This study will evaluate the safety and effectiveness of lamivudine plus adefovir versus
adefovir alone to treat chronic hepatitis B infection. The Food and Drug Administration has
approved lamivudine for the treatment of hepatitis B. However, the drug is not effective in
all patients, and many of those in whom it initially works develop resistance after 1 to 3
years. Adefovir is an experimental drug that inhibits replication of the hepatitis B virus
(HBV). Adefovir used alone may be adequate to provide sustained suppression of the virus and
improvement in liver disease. However combining two anti-viral agents may be superior to
using one alone, similar to the strategy employed for the treatment of AIDS. This study will
test whether the combination of lamivudine and adefovir is better than adefovir alone for
the treatment of chronic hepatitis B.
Patients 18 years of age and older, who have been infected with HBV for at least 6 months,
may be eligible for this study. Candidates may not have received lamivudine treatment in the
past 6 months or prior treatment with adefovir and must not be taking other anti-viral
treatments for their hepatitis. They will have a blood test to confirm HBV infection.

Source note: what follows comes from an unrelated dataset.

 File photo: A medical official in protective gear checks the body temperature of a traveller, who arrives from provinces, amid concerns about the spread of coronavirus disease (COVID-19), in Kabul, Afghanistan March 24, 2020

Participants will be admitted to the NIH Clinical Center for 2 to 3 days for a medical
evaluation. One to 2 weeks after the evaluation, patients will be randomized to begin taking
lamivudine and adefovir, or adefovir alone. Therapy will continue for at least 12 months.

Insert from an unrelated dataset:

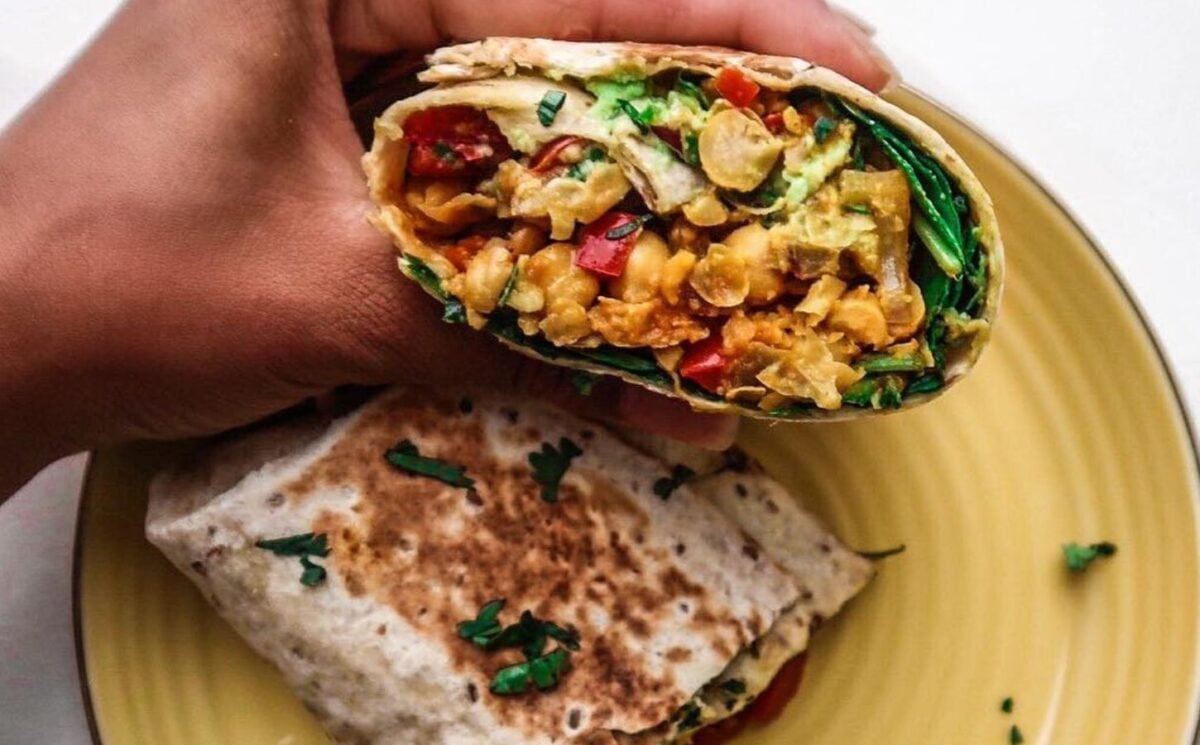 a picture of a vegan breakfast burrito which works well as a high protein breakfast idea, made with spinach, chickpea, and other ingredients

Follow-up clinic visits will be scheduled weekly for the first month, then every 4 to 8
weeks for the rest of the treatment period. Patients will be evaluated at the end of 1 year.

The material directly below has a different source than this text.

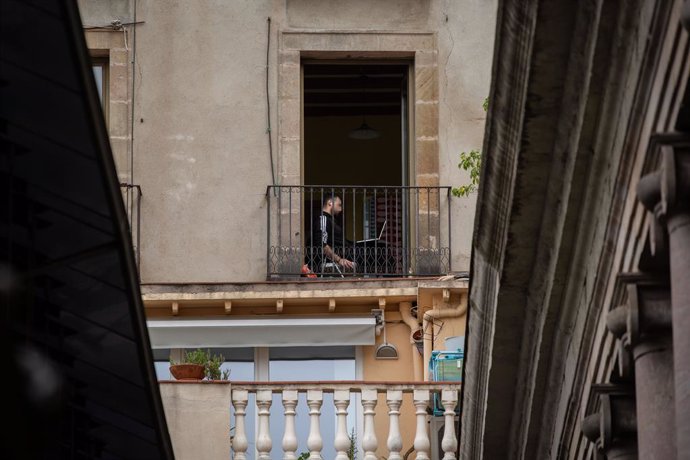 Un jove utilitza el seu ordinador porttil en la seva terrassa durant el segon dia laborable de l'estat d'alarma pel coronavirus, a Barcelona (Espanya), a 17 de mar de 2020.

Patients who have not improved with treatment will stop taking the treatment and will be
evaluated in the clinic once every 4 weeks for another 6 months. Patients who show an
improvement in their liver injury may continue taking lamivudine and adefovir or adefovir
alone for 4 more years, as long as they continue to improve with the medication. Progress
will be evaluated. If the test results show no continued improvement or are negative for
hepatitis B antigens, therapy will be stopped.
Patients who continue treatment for 5 years will be readmitted at year 4 for another medical
evaluation to assess the effects of treatment at that time. After the 5 years all patients
will stop therapy at and be followed with regular clinic visits for at least 6 months.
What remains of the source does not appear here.